Anja Eschweiler: Ein großes Augenmerk liegt auch auf den Geschwistern eines erkrankten Kindes oder Jugendlichen. Schließlich beeinflusst und verändert die Diagnose auch ihr Leben. Geschwisterkinder spüren die besonderen Herausforderungen im Alltag der gesamten Familie, übernehmen oftmals viele Aufgaben und setzen sich mit Themen auseinander, die für andere Gleichaltrige nicht nachvollziehbar sind. Mit einem auf ihre speziellen Bedürfnisse abgestimmten Konzept widmen wir uns Geschwistern jeglicher Altersgruppen.
Müttern und Vätern von lebensverkürzend erkrankten Kindern und Jugendlichen, bieten wir spezielle Familienaktivitäten an. Neben der Begleitung der Eltern liegen uns auch die Großeltern sehr am Herzen. Denn auch Oma und Opa müssen mit der besonderen Situation eines erkrankten Enkelkindes leben und sind oftmals eine große Stütze in der Familie.
Redaktion: Worin bestehen die Unterschiede zu einem Erwachsenenhospiz?
Anja Eschweiler: Es gibt tatsächlich einen bedeutenden Unterschied zwischen Erwachsenenhospizen und Kinder- und Jugendhospizen. Während ein Erwachsenhospiz Menschen ausschließlich in ihrer finalen Lebensphase aufnimmt, dürfen Kinder- und Jugendhospize die erkrankten Kinder und Jugendlichen bereits ab der Diagnose einer lebensverkürzenden Erkrankung begleiten.

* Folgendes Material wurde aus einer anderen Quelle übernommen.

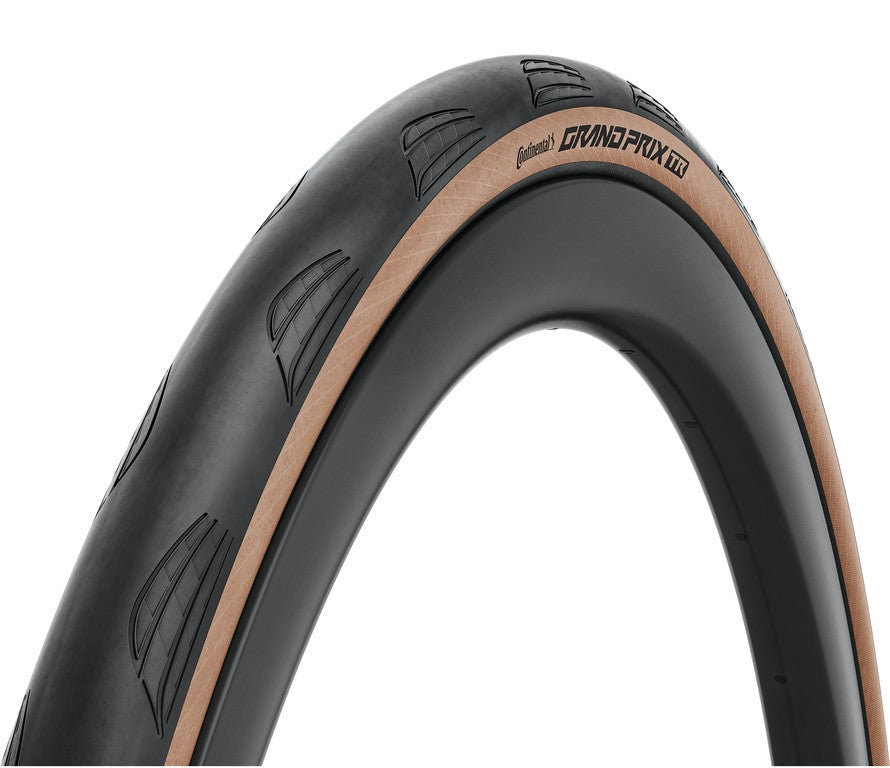 Geschlossen. Conti Grand Prix TR Klappobjektiv. 28 Zoll, 700x32C, 30-622, schwarz/transparent, TLR.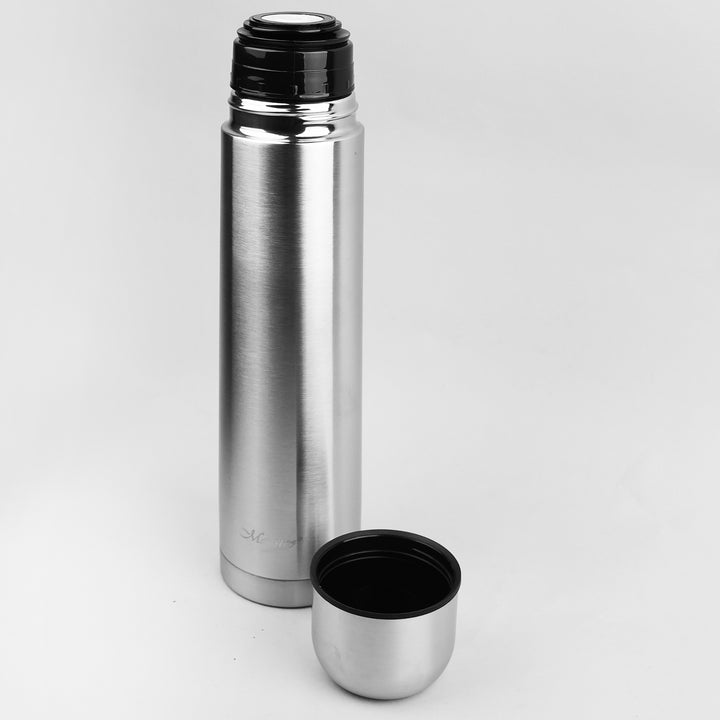 Bouteille isotherme thermos en acier inoxydable avec gobelet et sac de transport pour boissons chaudes ou froides (1000ml)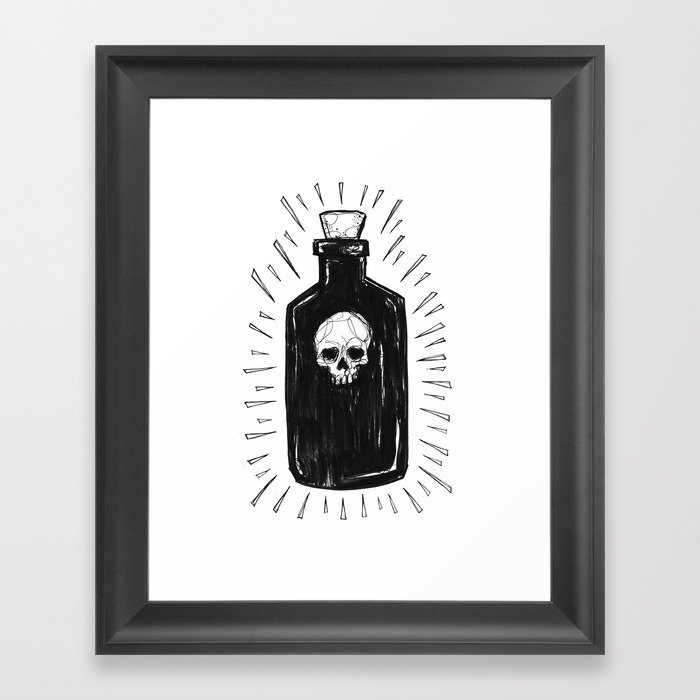 The Devil's Drink Framed Art Print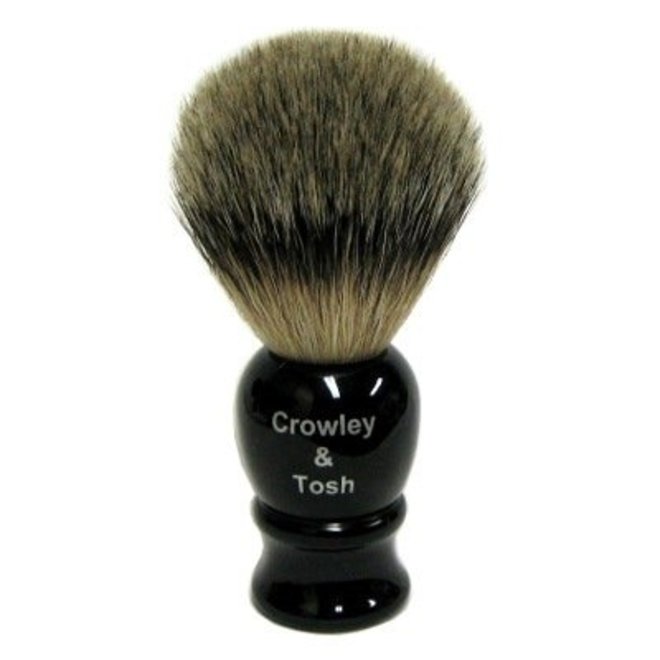 Crowley & Tosh - Imitation Ebony Best Badger Shaving Brush - ab15k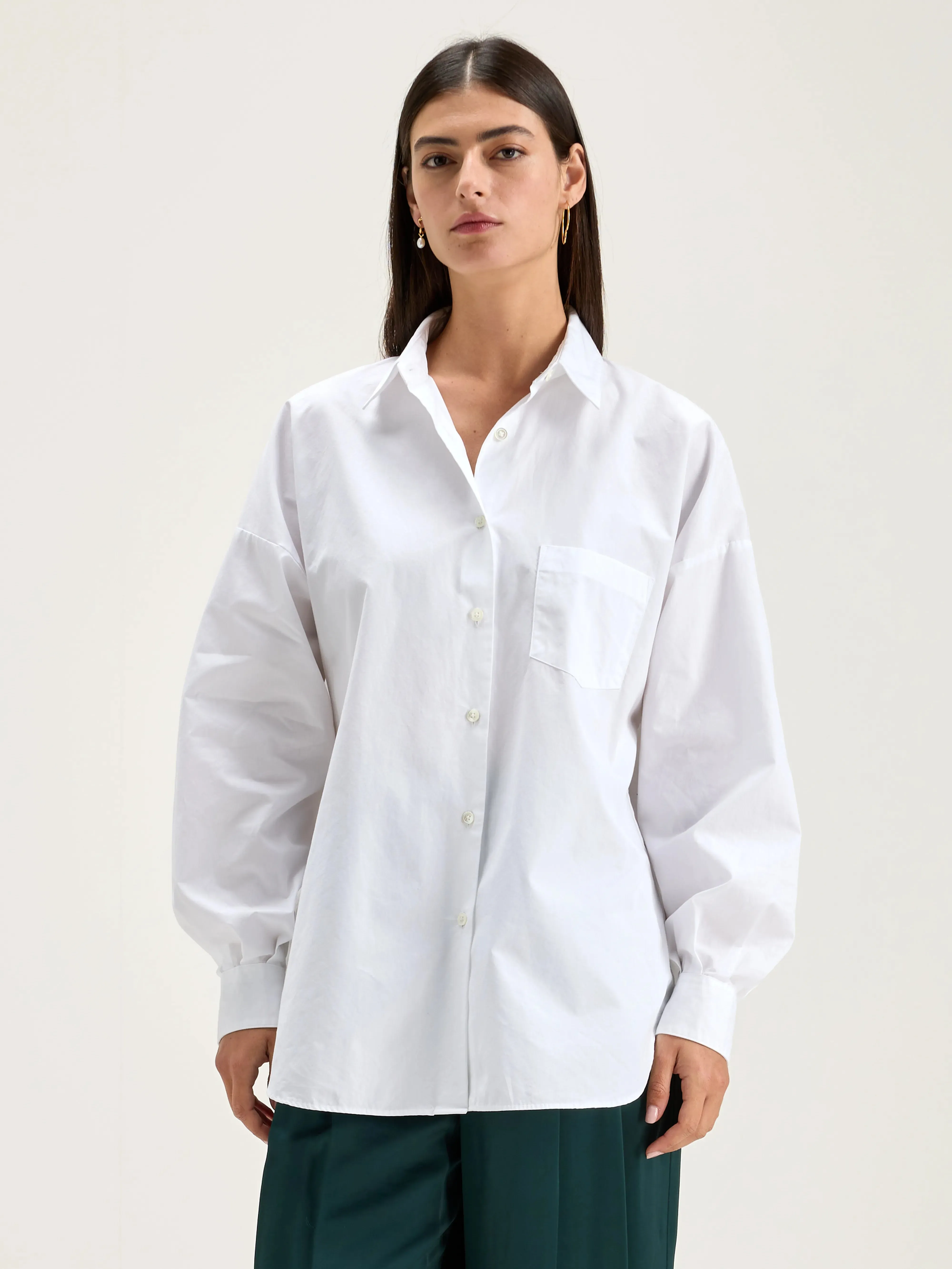 Giorgia poplin shirt (242 / W / WHITE) sold by Bellrose product image thumbnail 2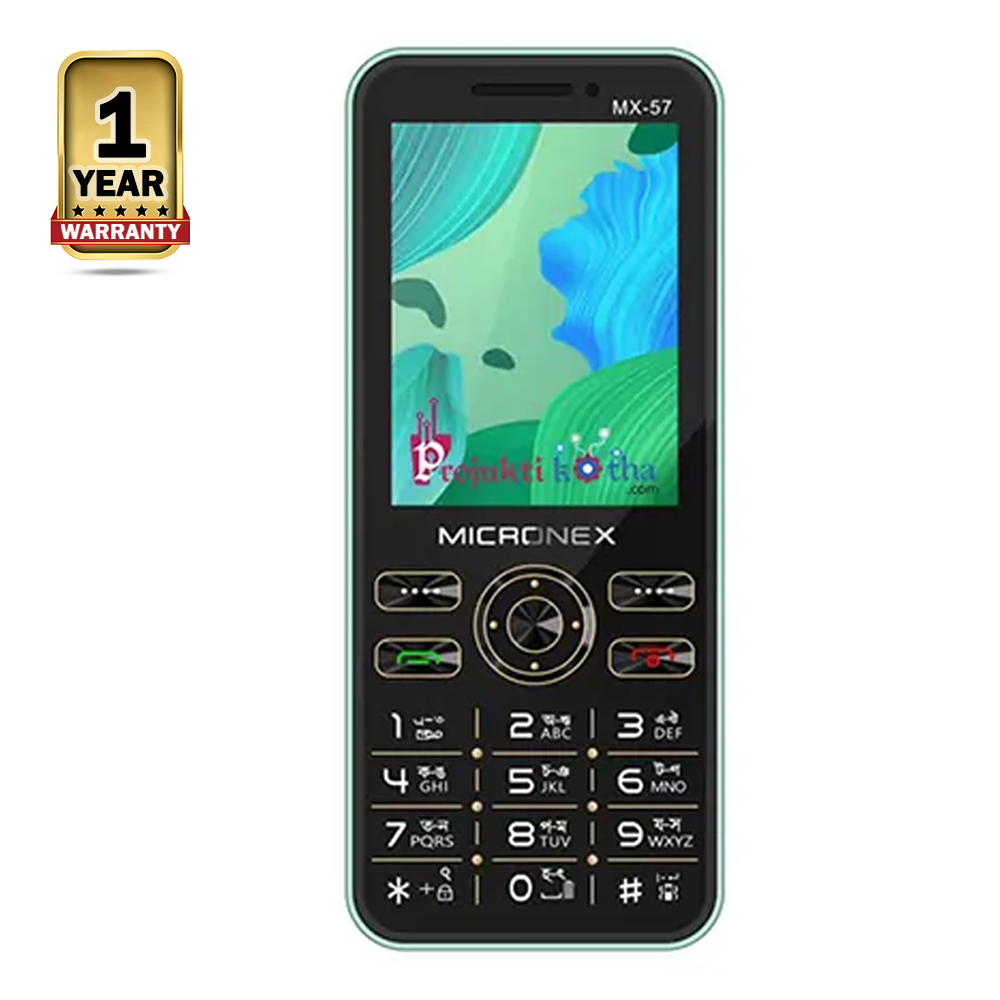 Micronex MX-57 Stylish Feature Phone - Black 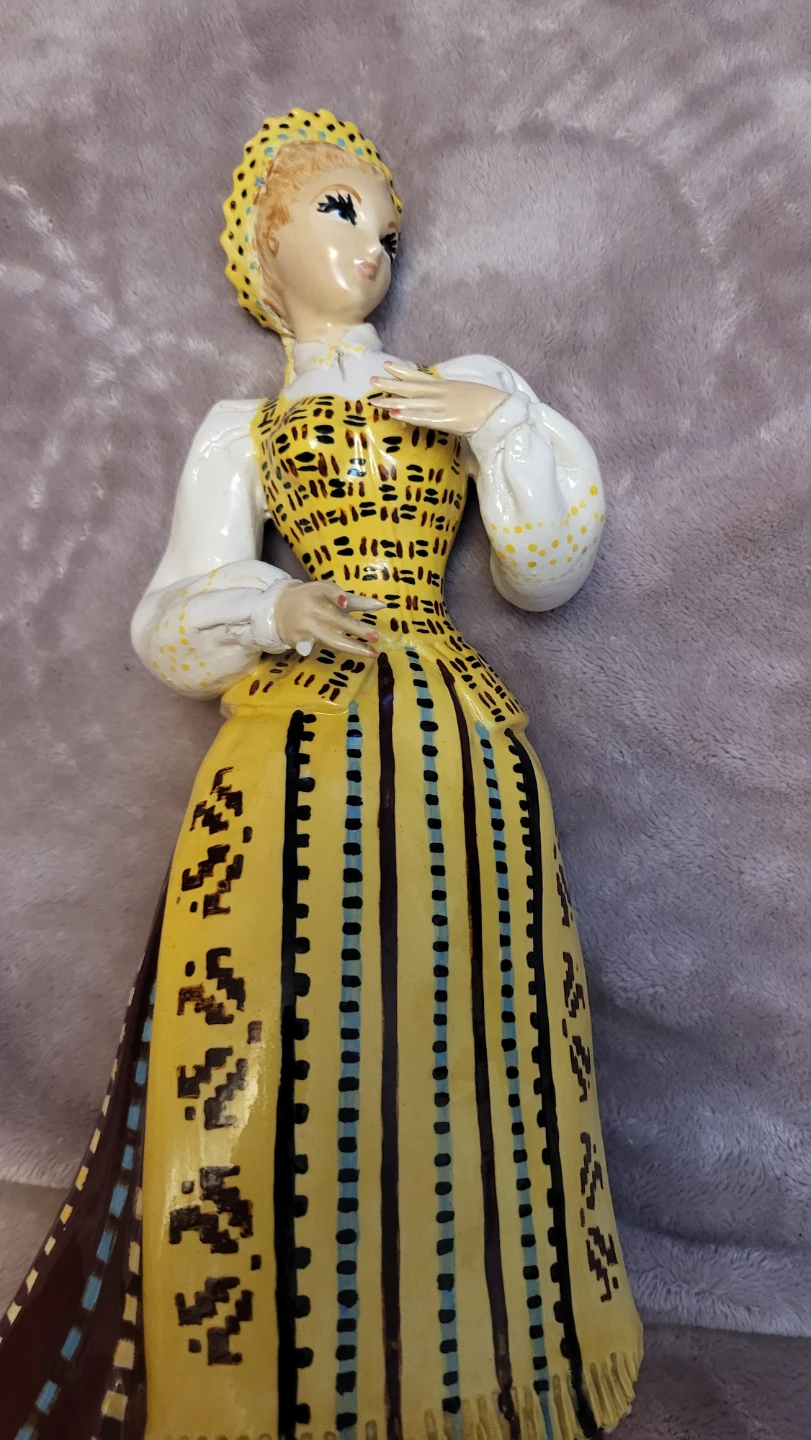 Vintage Ceramic Woman Figurine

So können wir im Regenbogenland Kinder, Jugendliche und junge Erwachsene von Geburt an bis zu einem Alter von 27 Jahren mit einer vom Arzt diagnostizierten lebensverkürzenden Erkrankung aufnehmen und begleiten. Das Regenbogenland begleitet somit die erkrankten Kinder und Jugendlichen nicht nur in der letzten Phase ihres Lebens:
Der ganzheitliche Ansatz besteht insbesondere darin, der gesamten Familie schon während der Zeit der Erkrankung zur Seite zu stehen. Dies kann oft viele Jahre eines gemeinsamen Weges voller Miteinander-Momente und wertvoller Unterstützung bedeuten.
Über das gesamte Jahr verteilt können die betroffenen Familien dann im Regenbogenland Aufenthalte anfragen, die gemeinsam geplant und festlegt werden. Vor dem ersten Aufenthalt sind die Familien natürlich herzlich eingeladen, das Regenbogenland, seine Räumlichkeiten und die warme und einladende Atmosphäre bei einem Erstgespräch kennenzulernen. Altersentsprechend wird das erkrankte Kind dann entweder im Kinder- oder Jugendbereich des Regenbogenlandes aufgenommen und dort individuell von unserem multiperspektivischen Team begleitet.
Die meisten unserer Gäste verbringen circa 30 Tage im Jahr bei uns im Regenbogenland, wir nennen diese Aufenthalte dann „Entlastungsaufenthalte“, weil sie eine wertvolle Möglichkeit für die gesamte Familie darstellen, um Kraft zu schöpfen und neue Energien zu sammeln.